++++ Given information ++++

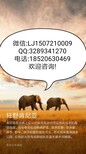 图片0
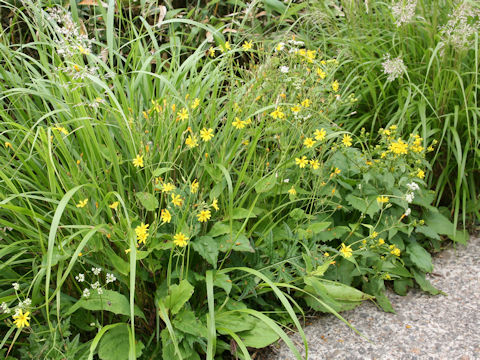 Ixeris dentata ssp. kimurana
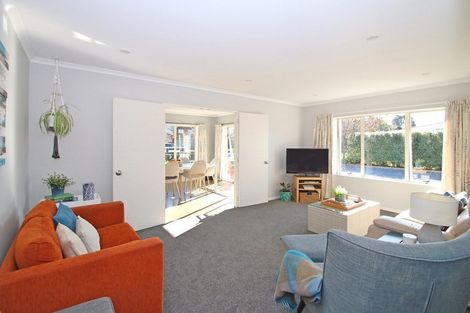 Photo of property in 133 Collinson Street, Pirongia, 3802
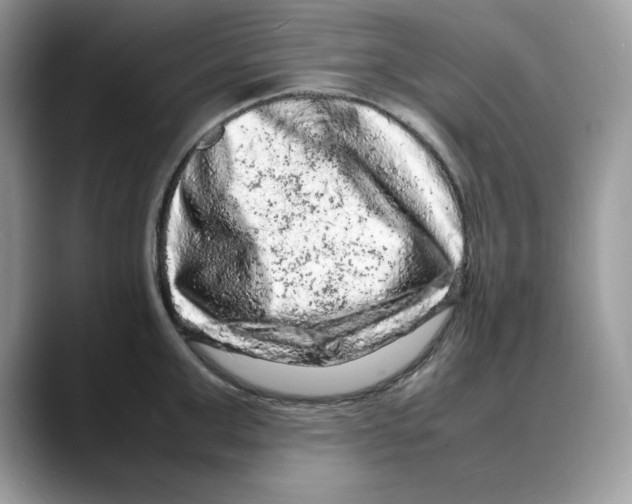 X0000088030999200706081458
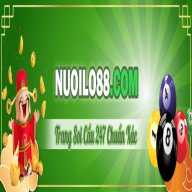 Nuoilocom1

++++

> Exercise instructions
Down to the final line, restate the material above word for word, but omit its pictures.

> Result of this exercise
 图片0
 Ixeris dentata ssp. kimurana
 Photo of property in 133 Collinson Street, Pirongia, 3802
 X0000088030999200706081458
 Nuoilocom1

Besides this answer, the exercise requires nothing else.